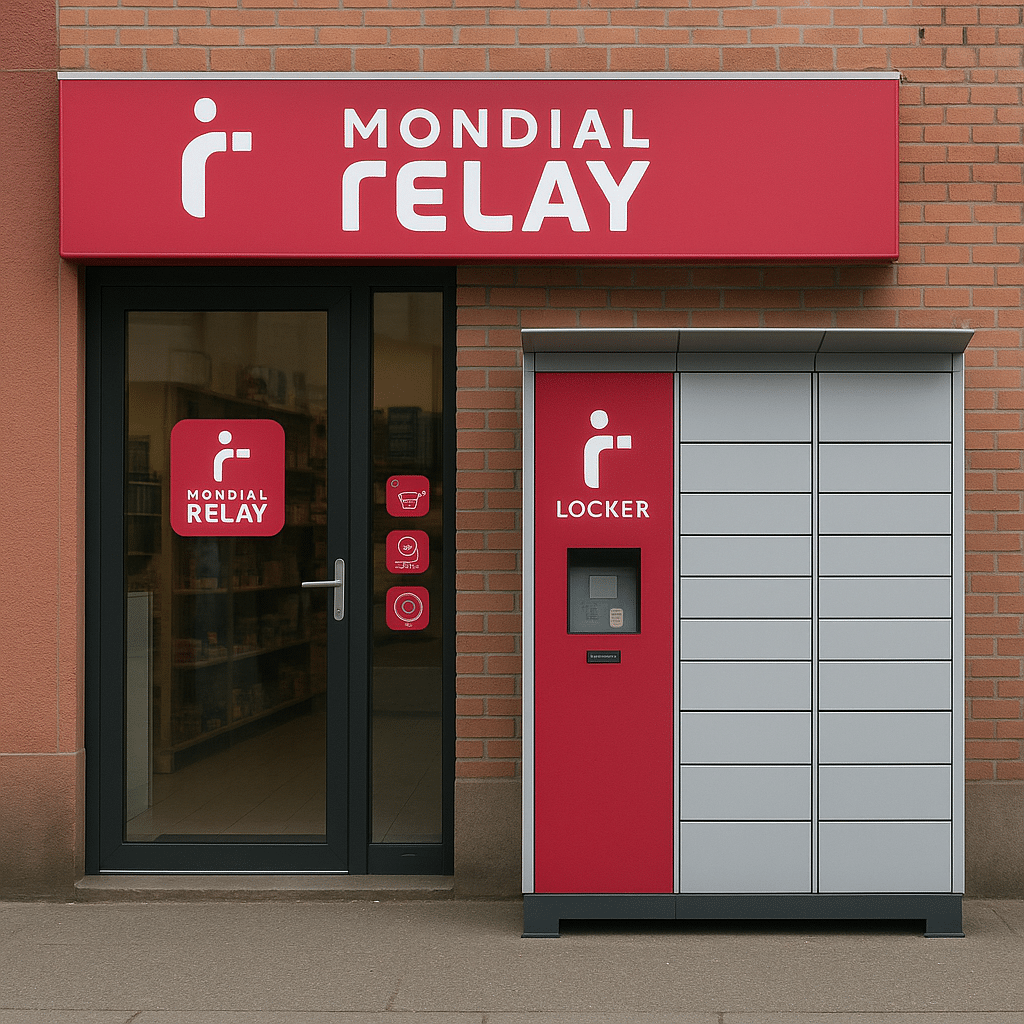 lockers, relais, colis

------------------------------------------------------------

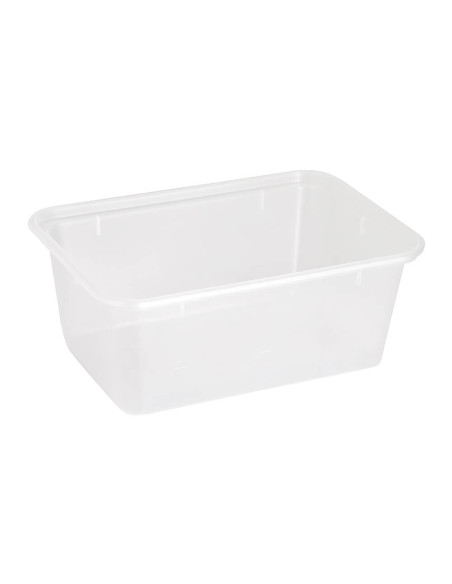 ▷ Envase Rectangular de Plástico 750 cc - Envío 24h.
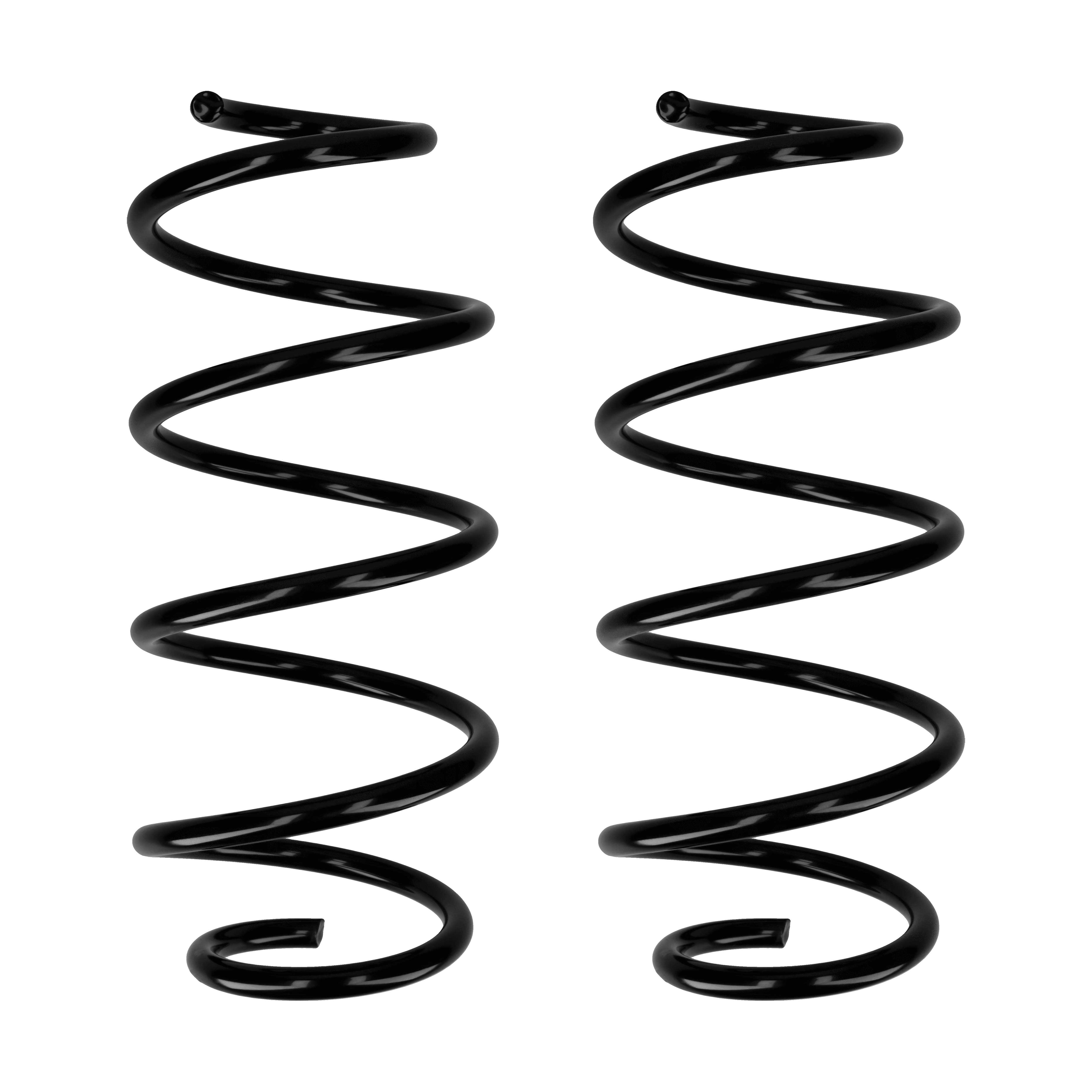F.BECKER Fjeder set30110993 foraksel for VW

------------------------------------------------------------

- [WORK TO COMPLETE] Reproduce exactly the lines above starting at the line containing "- Envío 24h." and ending at the line containing "F.BECKER Fjeder set30110993 foraksel for VW", including both, but not the pictures.

- [WRITTEN ANSWER]
 ▷ Envase Rectangular de Plástico 750 cc - Envío 24h.
F.BECKER Fjeder set30110993 foraksel for VW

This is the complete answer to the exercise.